Pegawai yang berminat pada jabatan di Semarang misalnya dapat menambahkan manfaat yang akan diterima oleh organisasi sebagai komitmen, diluar indikator kinerja (IKU) pada jabatan tersebut. Sebagai contoh, pegawai dapat menawarkan untuk membuat kajian ilmiah tahunan diluar pekerjaannya sebagai kepala seksi di Semarang. Atau pegawai tersebut dapat menawarkan pengurangan biaya yang akan dibayarkan organisasi kepadanya sebagai bahan pertimbangan. Misalnya, pegawai tersebut rela untuk dibayarkan pada grade yang lebih rendah selama menduduki jabatan yang diinginkan. Sehingga, pegawai tersebut (jika mendapatkan kedudukan yang diinginkan) wajib memenuhi IKU jabatannya dan juga komitment yang dijanjikan. Dengan kata lain, total manfaat (komitmen) yang akan diterima dan total biaya yang akan dibayarkan oleh organisasi dapat dipakai sebagai indikator tambahan dalam open bidding yang mempertimbangkan faktor lokasi.
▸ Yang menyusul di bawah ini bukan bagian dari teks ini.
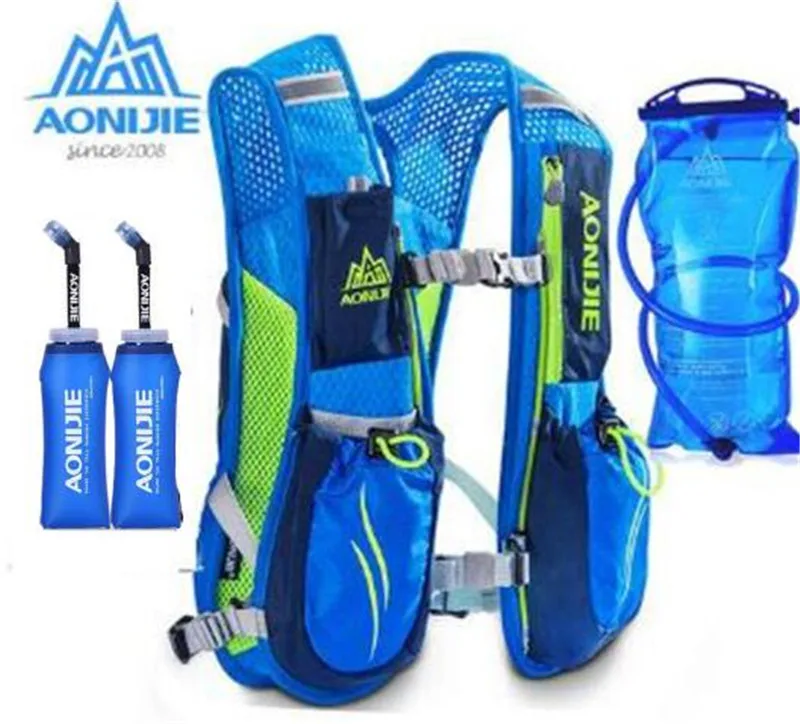 AONIJIE al aire libre bolsa deportiva ligera Trail Running Marathon Riding hidratación mochila con 2 botellas opcionales 250 ml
Untuk memudahkan perhitungan komitmen dan biaya, organisasi dapat mengkuantifikasi komitmen yang ditawarkan pegawai dan biaya yang akan dikeluarkan dalam satuan yang sama yaitu rupiah. Penggunaan kuantifikasi dalam rupiah dapat menjembatani penilaian manfaat antar jabatan sekaligus antar lokasi sehingga nantinya dapat dikembangkan seperti mekanisme pasar.
Untuk mengamankan keseriusan komitmen pegawai yang akan mengikuti bidding, organisasi dapat menambahkan wawancara dari pegawai yang mengajukan penawaran. Wawancara akan memastikan bagaimana cara pegawai tersebut dapat memenuhi komitmennya serta menyepakati durasi waktu yang harus dipenuhi.
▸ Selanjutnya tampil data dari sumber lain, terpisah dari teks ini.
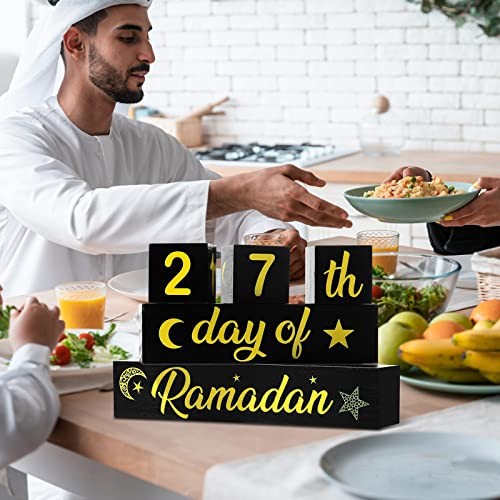 5 Pcs Ramadan Calendar Block Set - Ramadan Advent Countdown Eid Black and Gold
Model open bidding yang diusulkan pada tulisan ini memiliki beberapa keuntungan. Diantaranya, dapat mengatasi berbagai kepentingan dalam mutasi pegawai yang kadang sangat kompleks dan rumit sebagaimana dialami kementerian-kementerian yang berukuran besar. Dapat meningkatkan kepuasan pegawai terhadap pekerjaan dan organisasi sekaligus dapat menekan biaya belanja pegawai.
Sebagai kekurangannya, organisasi perlu menyesuaikan ulang peraturan kepegawaian yang saat ini ada untuk dapat mengakomodasi proses bidding yang mempertimbangkan lokasi. Selain itu, mengingat ada jabatan yang berada pada remote area yang harus diisi sementara kurang peminat, maka organisasi perlu untuk menaikan grading pada jabatan tersebut sebagaimana mekanisme pasar bekerja. Sebagai akibatnya, untuk lokasi-lokasi yang sepi peminat, biaya kepegawaian kemungkinan akan lebih tinggi dibanding lokasi-lokasi yang popular.